Indian-born Dhondy, now 73-years-old, is one of the British Black Panthers who not only inspired Sky’s new drama Guerrilla, but also advised its writer-director, John Ridley, and its cast including Freida Pinto, Babou Ceesay and Idris Elba. The series is an unflinching dramatisation of the black power movement in 1970s London, and follows activist lovers Jas and Marcus (Pinto and Ceesay) as they fight against a vicious branch of the Metropolitan Police.

Farrukh was part of what he calls the “politburo” of the Black Panthers, a party which stood against the discrimination of people of colour in Britain at a time when police brutality was rife, ethnic minorities were refused service in pubs, and many were unable to get professional jobs – made instead to do the "dirty" jobs that the white working class declined to do.

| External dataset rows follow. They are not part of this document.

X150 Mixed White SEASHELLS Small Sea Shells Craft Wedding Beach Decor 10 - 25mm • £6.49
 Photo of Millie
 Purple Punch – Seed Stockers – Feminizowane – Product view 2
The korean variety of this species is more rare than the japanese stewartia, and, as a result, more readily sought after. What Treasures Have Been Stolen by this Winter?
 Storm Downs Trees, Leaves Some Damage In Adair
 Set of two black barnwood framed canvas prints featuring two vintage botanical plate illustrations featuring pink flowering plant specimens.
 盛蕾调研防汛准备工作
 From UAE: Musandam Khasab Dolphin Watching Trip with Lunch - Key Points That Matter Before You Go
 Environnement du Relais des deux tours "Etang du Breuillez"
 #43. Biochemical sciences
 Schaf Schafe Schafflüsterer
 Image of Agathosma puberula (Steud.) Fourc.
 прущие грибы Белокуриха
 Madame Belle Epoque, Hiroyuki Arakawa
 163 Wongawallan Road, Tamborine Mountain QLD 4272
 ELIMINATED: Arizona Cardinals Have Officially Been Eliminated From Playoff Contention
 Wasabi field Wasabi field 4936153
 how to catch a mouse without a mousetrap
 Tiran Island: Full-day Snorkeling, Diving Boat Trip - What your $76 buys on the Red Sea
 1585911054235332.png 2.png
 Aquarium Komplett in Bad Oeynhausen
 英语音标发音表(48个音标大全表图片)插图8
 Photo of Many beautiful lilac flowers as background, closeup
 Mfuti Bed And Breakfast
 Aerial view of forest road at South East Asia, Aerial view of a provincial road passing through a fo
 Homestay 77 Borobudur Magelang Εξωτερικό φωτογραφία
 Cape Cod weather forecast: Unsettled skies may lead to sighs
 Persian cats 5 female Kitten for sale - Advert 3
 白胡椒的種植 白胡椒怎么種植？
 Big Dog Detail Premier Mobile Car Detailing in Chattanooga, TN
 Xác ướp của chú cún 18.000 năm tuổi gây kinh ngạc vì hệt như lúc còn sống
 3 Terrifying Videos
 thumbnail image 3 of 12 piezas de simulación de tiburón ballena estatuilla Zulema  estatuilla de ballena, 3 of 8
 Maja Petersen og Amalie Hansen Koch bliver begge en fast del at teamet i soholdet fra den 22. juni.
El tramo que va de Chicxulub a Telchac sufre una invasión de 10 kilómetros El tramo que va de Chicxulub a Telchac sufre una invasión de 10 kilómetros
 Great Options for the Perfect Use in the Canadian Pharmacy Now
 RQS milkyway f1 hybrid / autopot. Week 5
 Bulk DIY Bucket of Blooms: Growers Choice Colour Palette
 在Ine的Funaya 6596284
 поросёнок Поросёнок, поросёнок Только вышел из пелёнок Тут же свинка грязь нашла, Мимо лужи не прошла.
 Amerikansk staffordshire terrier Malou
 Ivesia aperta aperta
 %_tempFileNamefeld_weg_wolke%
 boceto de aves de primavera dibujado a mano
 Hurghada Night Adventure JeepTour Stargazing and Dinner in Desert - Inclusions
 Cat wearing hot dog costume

The Black Panthers provided education and legal advice to people of colour in an era of institutional racism which is rarely acknowledged. They organised demonstrations and strikes, and helped workers who were not unionised, not paid properly, and had their social rights violated at work. Dhondy calls it “a movement of the interventionists”. He wrote a book about his experience called London Company, and after reading this, Ridley – who also penned the Oscar-winning 12 Years A Slave – asked Dhondy to be a consultant on Guerrilla. He even asked him to edit the script.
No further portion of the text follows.